Novo Mais Médicos enfrenta velhos problemas

Nelson Oliveira | 18/12/2018, 10h14

A saída de 8,5 mil profissionais cubanos do Programa Mais Médicos colocou o Brasil novamente diante da necessidade de resolver o problema do atendimento a locais que dependem exclusivamente do Sistema Único de Saúde (SUS). Alguns deles, como comunidades indígenas isoladas da Região Norte, são ainda mais dependentes do segmento da atenção básica promovida pelo governo.

O acordo entre a Organização Panamericana de Saúde (Opas) com os governos de Cuba e do Brasil, que garantia o funcionamento do Mais Médicos, acabou em novembro diante das declarações do presidente eleito, Jair Bolsonaro, de que não aceitava a recusa dos cubanos em revalidar diplomas e a retenção, por parte de Cuba, da maior parte da remuneração dos médicos.

O primeiro edital para suprir as vagas do Mais Médicos teve 36.490 interessados e, como resultado inicial, a habilitação para 8.411 delas (98%). No entanto, até ontem 30% dos médicos habilitados não haviam se apresentado nos municípios escolhidos.

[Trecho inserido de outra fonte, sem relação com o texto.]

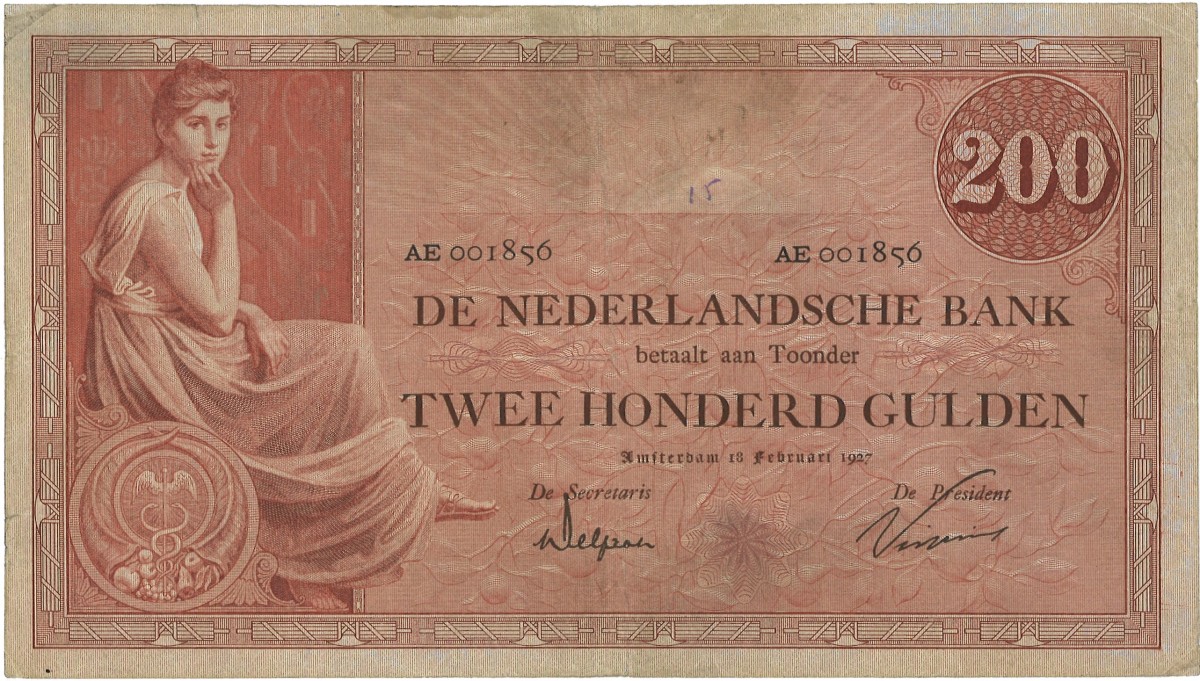 Nederland. 200 Gulden. Bankbiljet. Type 1921. - Fraai / Zeer Fraai.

A Unidade Básica de Saúde da Família de Itabuna (BA) passou a contar com um novo médico em 26 de novembro. O município é conveniado ao programa desde 2013 e já havia recebido três médicos de Cuba. A administradora da unidade, Marcela Oliveira Falcão, informou que o funcionamento foi afetado pela ausência de médico entre 19 e 23 de novembro. Naquela semana, os doentes menos graves foram atendidos por enfermeiros e outros profissionais de saúde. Quem precisou de um médico foi encaminhado ao centro de referência da cidade.

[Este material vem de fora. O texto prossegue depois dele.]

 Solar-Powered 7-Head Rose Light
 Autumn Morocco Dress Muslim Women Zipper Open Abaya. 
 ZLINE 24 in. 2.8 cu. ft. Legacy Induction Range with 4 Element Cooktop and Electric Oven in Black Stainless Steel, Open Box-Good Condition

— Foi uma semana difícil porque não esperávamos a saída do médico, mas conseguimos contornar, e a comunidade não ficou desassistida.

O não preenchimento de vagas decorre da preferência dos médicos por atuarem em centros urbanos. Não por acaso, 63 das 106 vagas ainda em branco estão em distritos sanitários especiais indígenas, principalmente em estados da Região Norte. É o caso do Amazonas, onde sobram 86 postos. Na área do Alto Solimões nenhuma das 22 vagas foi preenchida. No Alto Rio Negro restaram 11 postos. No Amapá e no Pará faltam 20 profissionais.

Edital

Até o momento, 2.476 médicos não compareceram ou não iniciaram suas atividades nos postos para os quais foram designados. Se o número for mantido, 2.582 vagas serão oferecidas no edital seguinte, para o qual já se inscreveram 10.205 médicos brasileiros e estrangeiros, conforme o Ministério da Saúde.

As inscrições foram finalizadas no domingo. Nas próximas quinta e sexta-feira os médicos brasileiros com registro em conselhos regionais de medicina (CRMs) terão nova chance de participar do programa para preencher vagas de desistentes. Quem não tiver registro poderá pleitear as vagas nos dias 27 e 28. Em seguida, nos dias 3 e 4 de janeiro, as oportunidades serão abertas para estrangeiros formados no exterior e sem registro no país.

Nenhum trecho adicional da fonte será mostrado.